From Case Studies to Crisis? Why MBAs Are Demanding More from Their Degrees

When MBA students at Stanford Graduate School of Business – long seen as the spiritual home of startup swagger and big ideas to change the world – openly declare, “We’re not learning anything,” it’s time to listen.
In a striking piece published by Poets&Quants, Stanford GSB students voiced frustration over what they perceive as a growing gap between the promise of a world-class MBA and the reality of their academic experience. The critiques? Courses that feel outdated and aren’t building skills, professors that lack enthusiasm for teaching, too few places for popular classes, and an administration that hasn’t listened and adapted to a changing environment.
The student concerns extend to classroom engagement, and an approach that signals which five to seven candidates may be called on the day before class. “You know what that teaches the students?” one student asks. “It teaches them that they don’t have to read or prepare before class if they’re not on the list. It teaches us that we don’t have to learn.”
The irony is that anyone admitted to the Stanford MBA has demonstrated an outsized capacity to learn and rise to challenges. The GSB has the most selective MBA on the planet, with often more than 18 applicants competing for each of the 430 places in the program. The incoming class routinely has the highest GPA average of any business school, and often the highest average GMAT or GRE test scores.
A Reputation To Maintain
Of more than 50 MBA candidates who worked with Fortuna Admissions to secure their place at Stanford last year, many also received offers from other M7 schools including HBS. They chose Palo Alto for many reasons, that included the Bay Area location, the calibre of their classmates, an emphasis on an interpersonal leadership journey, a more relaxed learning environment, and the prestige of the Stanford degree.
The GSB has a grade non-disclosure policy, meaning students are generally not allowed to share their grades with potential employers. This policy, along with others like it at top business schools, aims to foster a collaborative environment and encourage students to explore a wider range of academic and extracurricular opportunities without the pressure of grades impacting their job prospects.

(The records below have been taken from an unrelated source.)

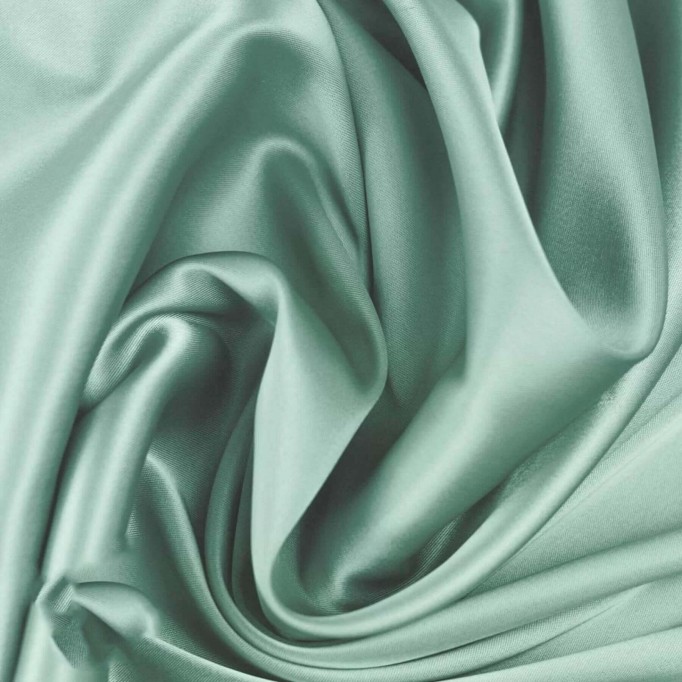 Tessuto Raso Di Seta Stretch Verde Mare - (Tessuti Moda)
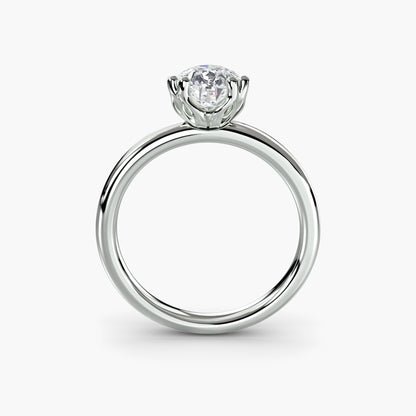 Solitaire ring 5 Pear shape in White Gold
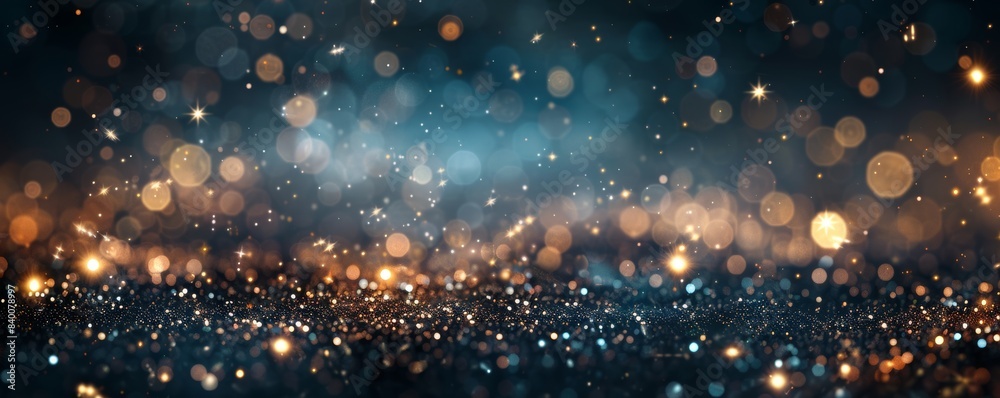 Obraz premium Golden Glitter Dust On Blue Background At Christmas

But students are worried about the reputational impact that might impact on their job prospects. “If Stanford MBAs start underperforming in internships or jobs because they haven’t built real capabilities, that affects all of us,” a student explained to Poets & Quants. “It affects the perceived value of our degree.”
The curriculum is struggling to keep pace with the seismic changes reshaping the future of work – particularly AI. This isn’t just a Stanford problem. It’s a signal flare for business education globally.

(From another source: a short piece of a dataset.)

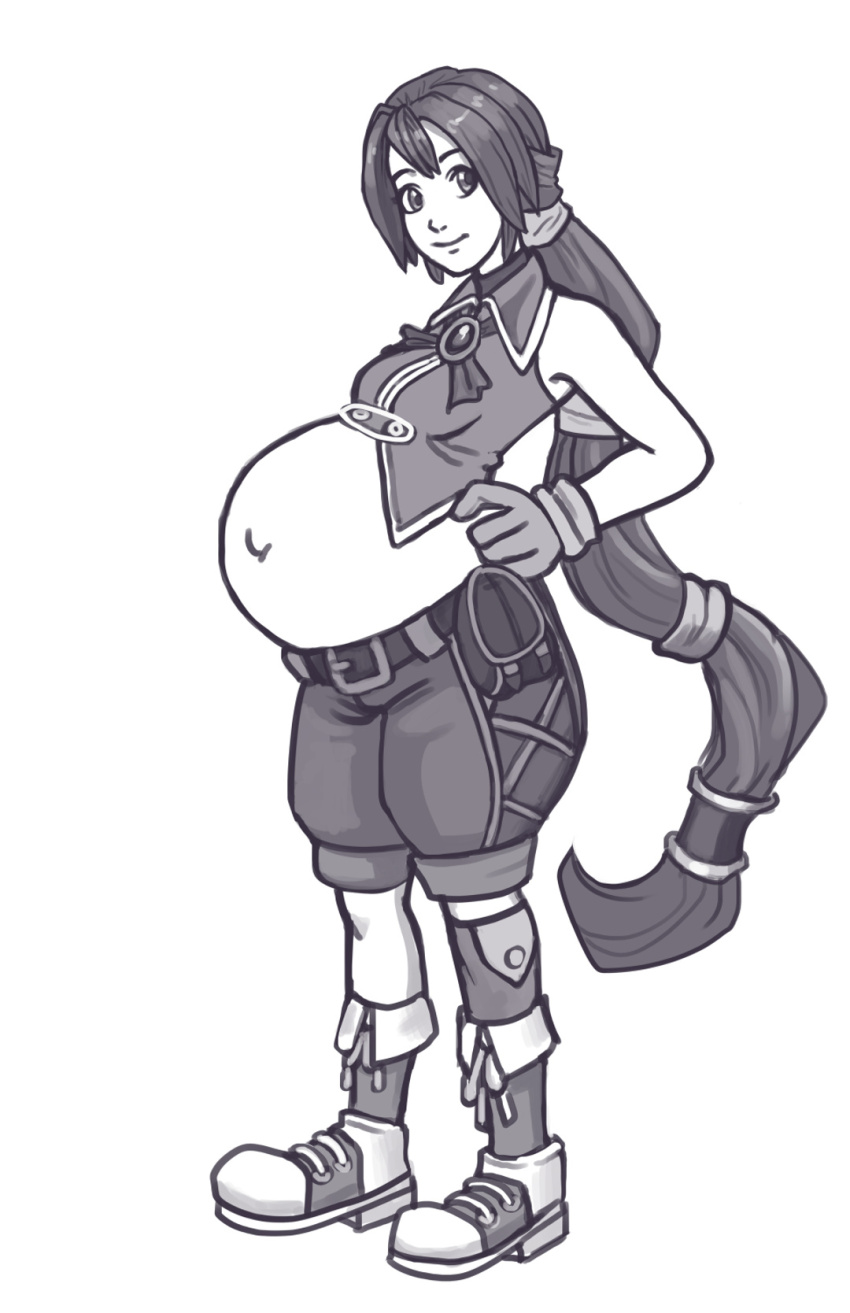 1girl belt commission commissioner_upload dark_chronicle dark_cloud dark_cloud_2 highres jewelry level-5 long_hair midriff monica_(dark_chronicle) monochrome olympic-dames ponytail pregnant rocket_launcher rpg shoes shorts smile sneakers solo weapon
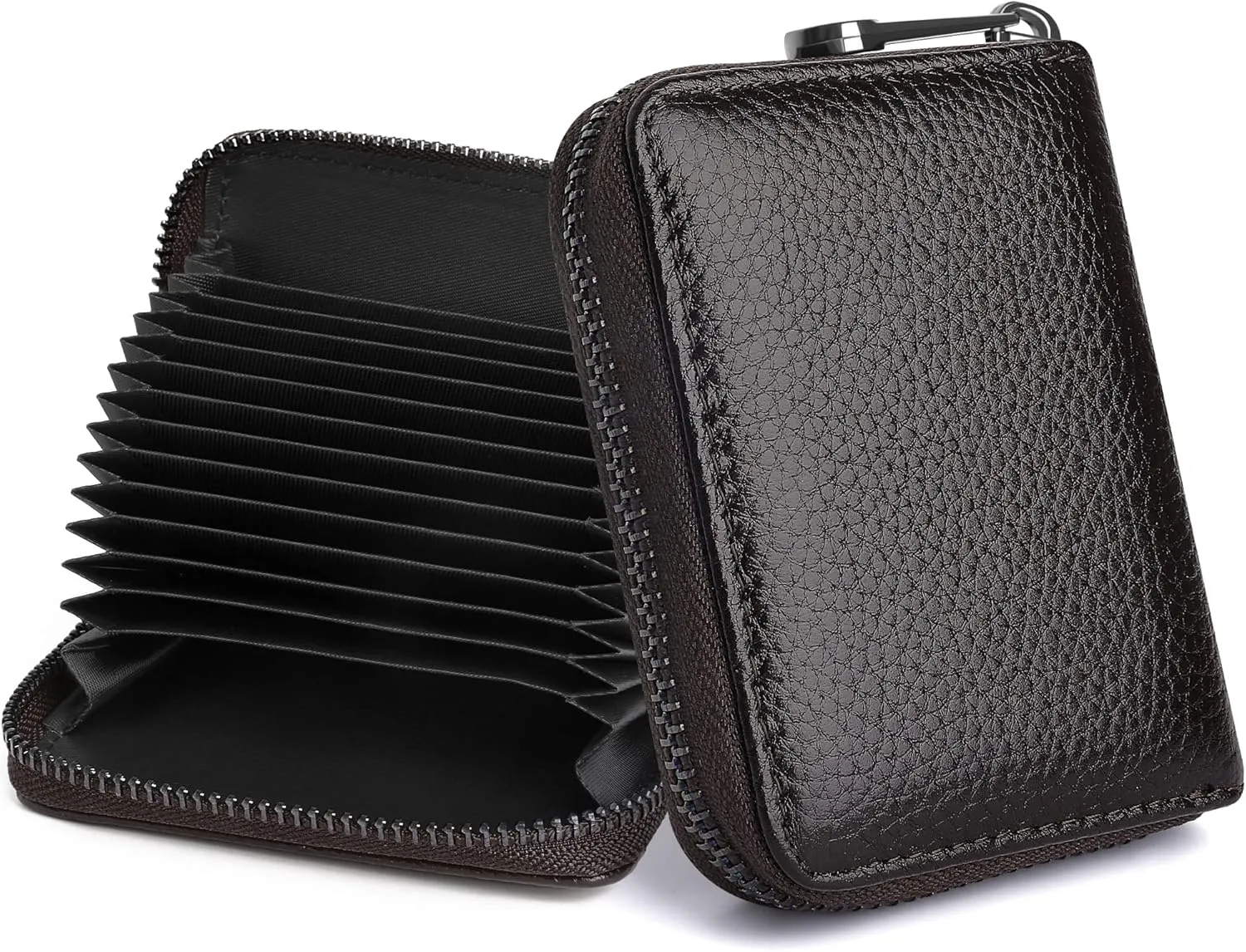 Badiya Genuine Leather Credit Card Holder for Women RFID Blocking Accordion Small Card Case Wallet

The MBA’s Existential Question
For decades, the MBA degree was a ticket to transformation: professionally, financially, and intellectually. But the rise of on-demand learning, industry micro-credentials, and AI tools that automate much of what MBAs were once trained to do – from financial modeling to slide-building – has prompted an uncomfortable question: What exactly are we paying $200,000 to learn?
Stanford GSB isn’t alone in facing this reckoning. Across top-tier programs, students are asking for more than networking mixers and group projects. They want real academic rigor, future-proof skills, and a curriculum that feels intellectually alive – not just administratively efficient.
The former dean of Chicago Booth and Yale SOM, Ted Snyder did two accreditation reviews of Stanford GSB and 14 reviews of other top schools. He believes this problem is not new, and not specific to Stanford GSB.
“At many top business schools, Students, Faculty, and Deans enter into a three-way agreement to not take academics seriously,” he explains in a Linkedin post.
1. Students want to focus on careers and networking;
2. Faculty want to avoid lousy teaching ratings;
3. Deans are happy to let things slide and concentrate on other matters.
Snyder argues that there are fundamental differences between organizing a great talent pool and building a great business school, and feels that Stanford GSB is especially susceptible to the weakening of academic standards because students and faculty are in the heart of the high-tech industries.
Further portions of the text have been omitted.